_Exercise details:_ An exact transcription of every entry is required, with the images left out.

_Information provided:_
+ + + + +

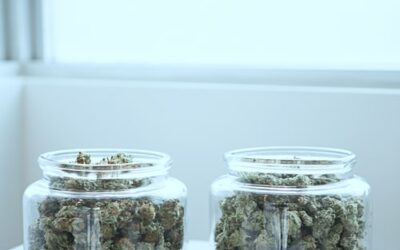 Planting the seeds: The present state and potential prospects of medical cannabis in Tennessee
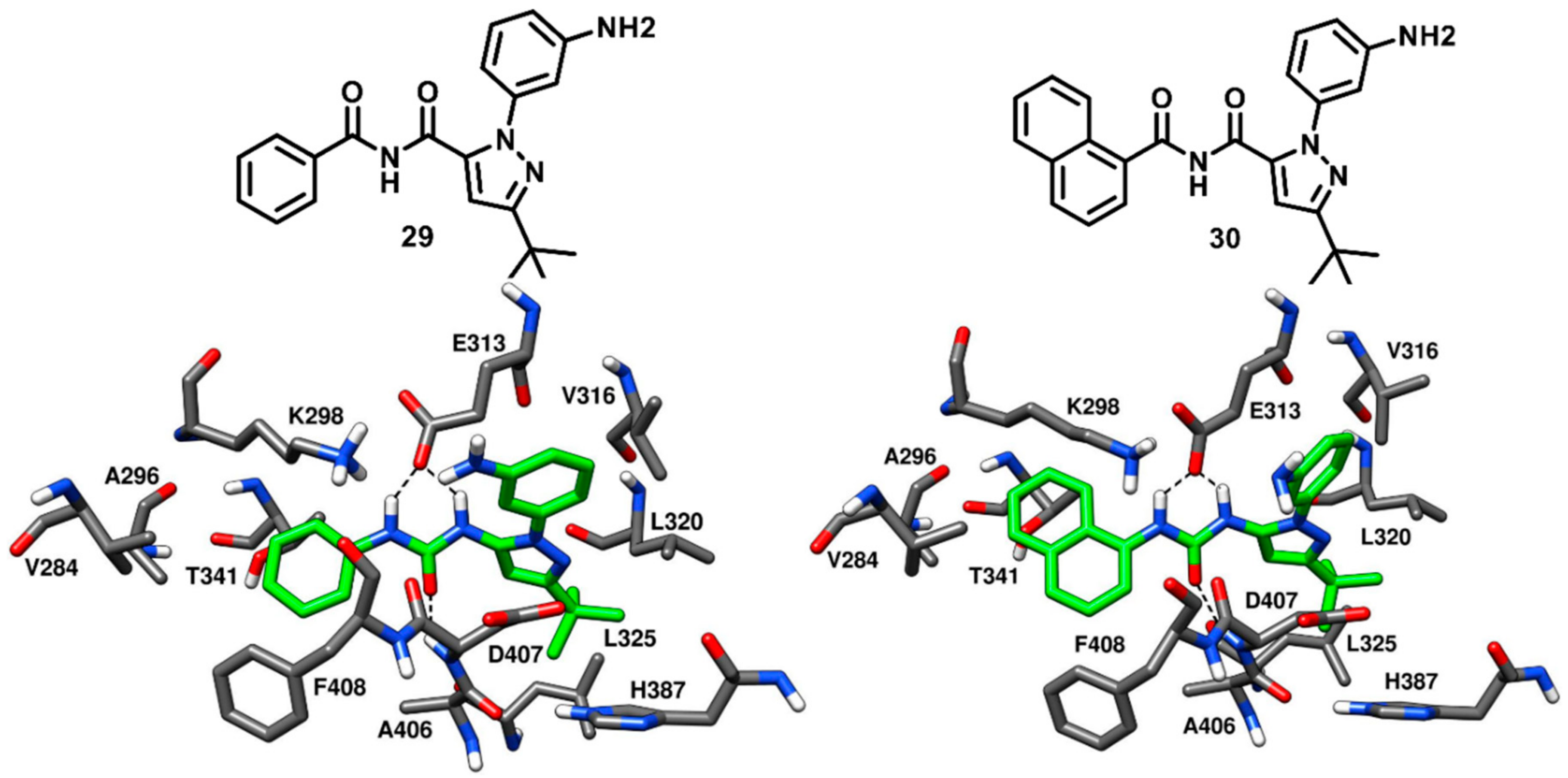 Cancers 12 02327 g023
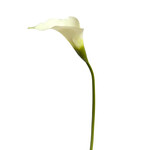 CSL600-WH: 21” NATURAL TOUCH CALLA LILY WHITE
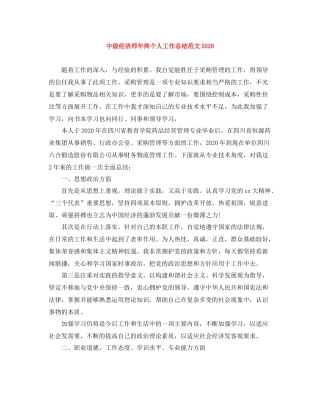 中级经济师年终个人工作总结范文2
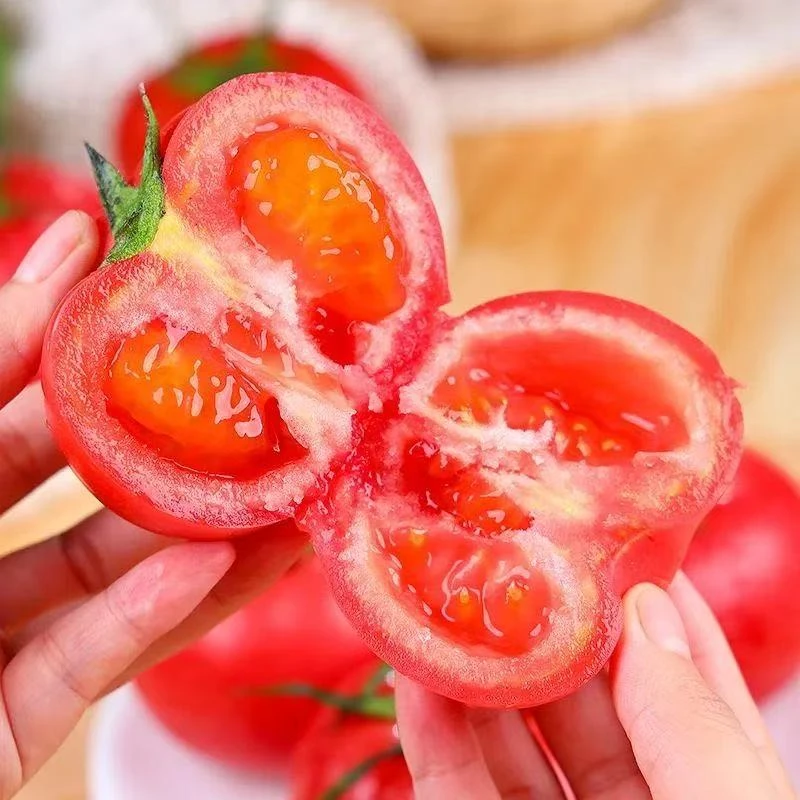 【陕西泾阳】普罗旺斯沙瓤西红柿生吃水果自然成熟草莓心番茄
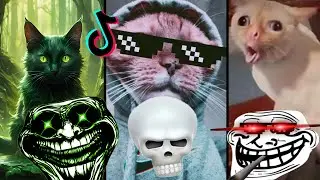 🥶 COLDEST MOMENTS TROLLFACE CAT TIKTOKSS COMPILATION🔥|🥵 PHONK TROLL&nbsp;EDITS&nbsp;#1million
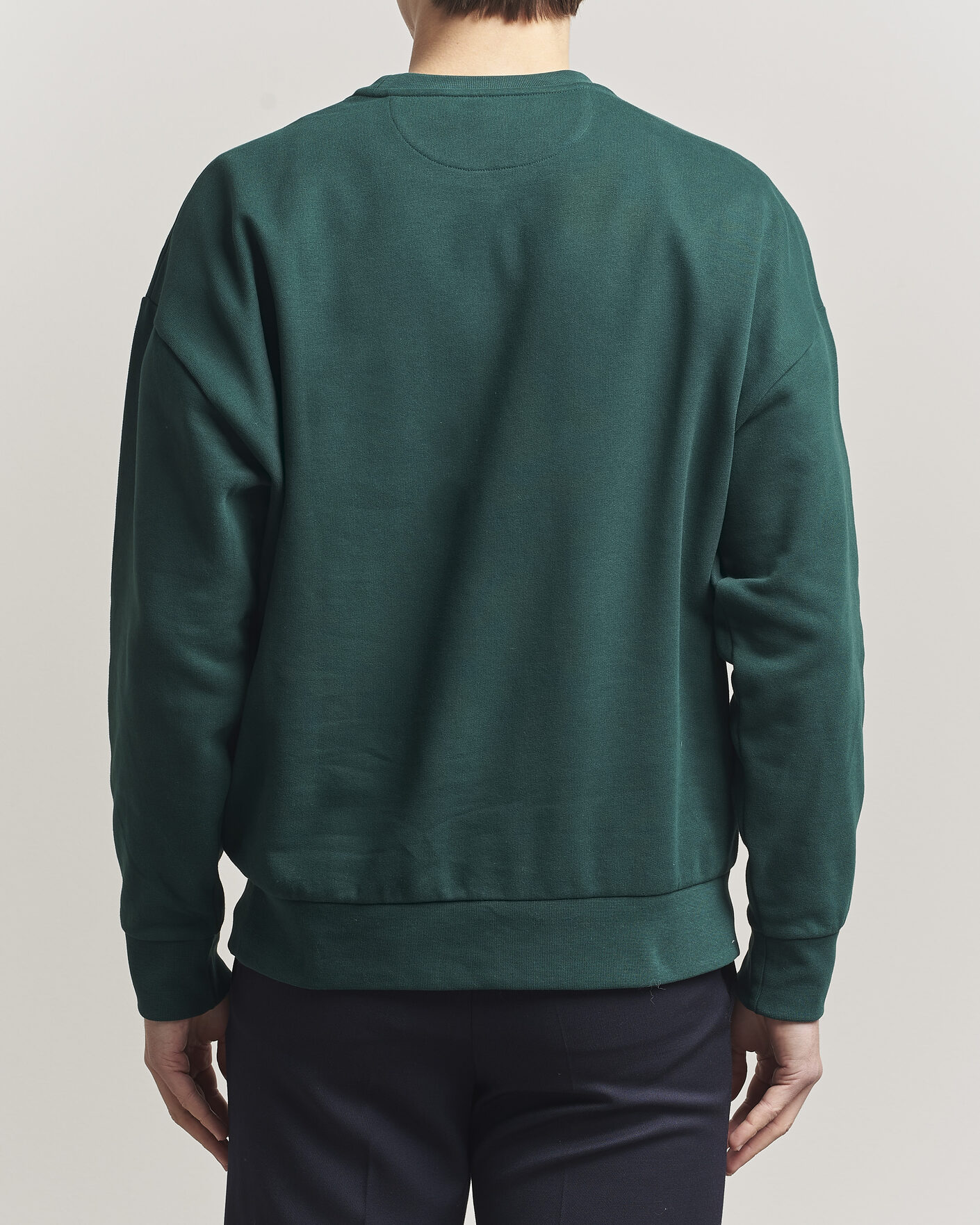 Uomini | Maglieria | RLX Ralph Lauren | Loopback Terry Bear Sweatshirt Moss Agate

+ + + + +

_Reply:_
 Planting the seeds: The present state and potential prospects of medical cannabis in Tennessee
 Cancers 12 02327 g023
 CSL600-WH: 21” NATURAL TOUCH CALLA LILY WHITE
 中级经济师年终个人工作总结范文2
 【陕西泾阳】普罗旺斯沙瓤西红柿生吃水果自然成熟草莓心番茄
 🥶 COLDEST MOMENTS TROLLFACE CAT TIKTOKSS COMPILATION🔥|🥵 PHONK TROLL&nbsp;EDITS&nbsp;#1million
 Uomini | Maglieria | RLX Ralph Lauren | Loopback Terry Bear Sweatshirt Moss Agate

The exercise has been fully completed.